Census chief: Bennett's immigration bill not practical
By Matt Canham
The Salt Lake Tribune (Salt Lake City), September 23, 2009
Washington, DC — Sen. Bob Bennett wants the Census to collect information on who is in the country illegally in its official 2010 count, but Census Director Robert Groves said that's not practical a mere six months before the questionnaires are mailed to every household.
'A lot of the forms are already printed,' Groves said Wednesday. 'That train has left for the 2010 Census clearly.'
Bennett, a Utah Republican who faces a tough re-election effort, introduced a bill last week that would add an 11th question to the Census forms asking if the person is a citizen or legal resident. He wants to exclude undocumented immigrants from the count used to apportion seats in the U.S. House.
'It does not make any sense for congressional seats and the Electoral College to be determined by a process that unfairly provides the advantage to those communities with high illegal populations,' Bennett said in announcing his legislation.
He acknowledged Wednesday that modifying the questionnaire would be a challenge, but said he is committed to working with the Bureau to find some way, such as a second page, to ask the question, if his bill passes.
Bennett's proposal has been met with criticism and charges that he is 'pandering' for votes by community activist Tony Yapias, the director of Proyecto Latino de Utah, while he has received praise from his Republican challengers and some conservative state lawmakers.
But Groves wouldn't weigh in on whether the idea — practical or not this late in the game — is a good one or not, saying it is 'the proper role of Congress' to discuss how the count should take place.

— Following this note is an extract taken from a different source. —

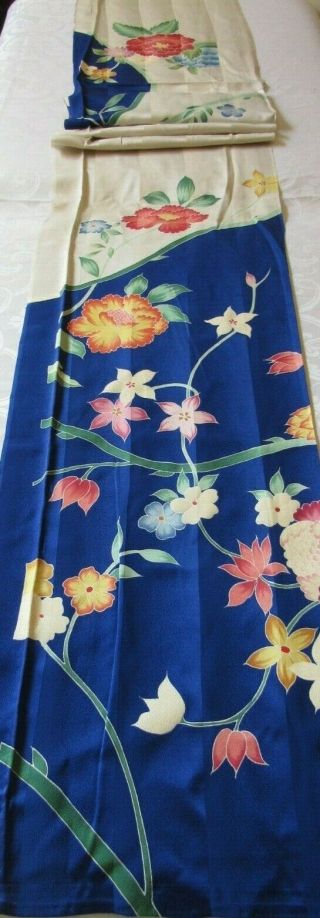 Artist Hand Painted Multi Color Japan Kimono Silk Fabric 88 " L 736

He did note that singling out undocumented immigrants and removing them from the apportionment process would 'be a change from our history of many many, many decades.'
The Bureau does not currently ask any questions about immigration status in its 2010 count, but has collected such information in other surveys. The once-a-decade Census is used not only to determine how many House seats are given to each state, but also to split up $400 billion in federal funding and a number of other statistical purposes. Bennett's bill would not impact the distribution of money.
The Census has launched efforts to convince hard-to-reach populations, including minorities and undocumented immigrants, that the 2010 count is 'a safe' activity and that their information would be confidential.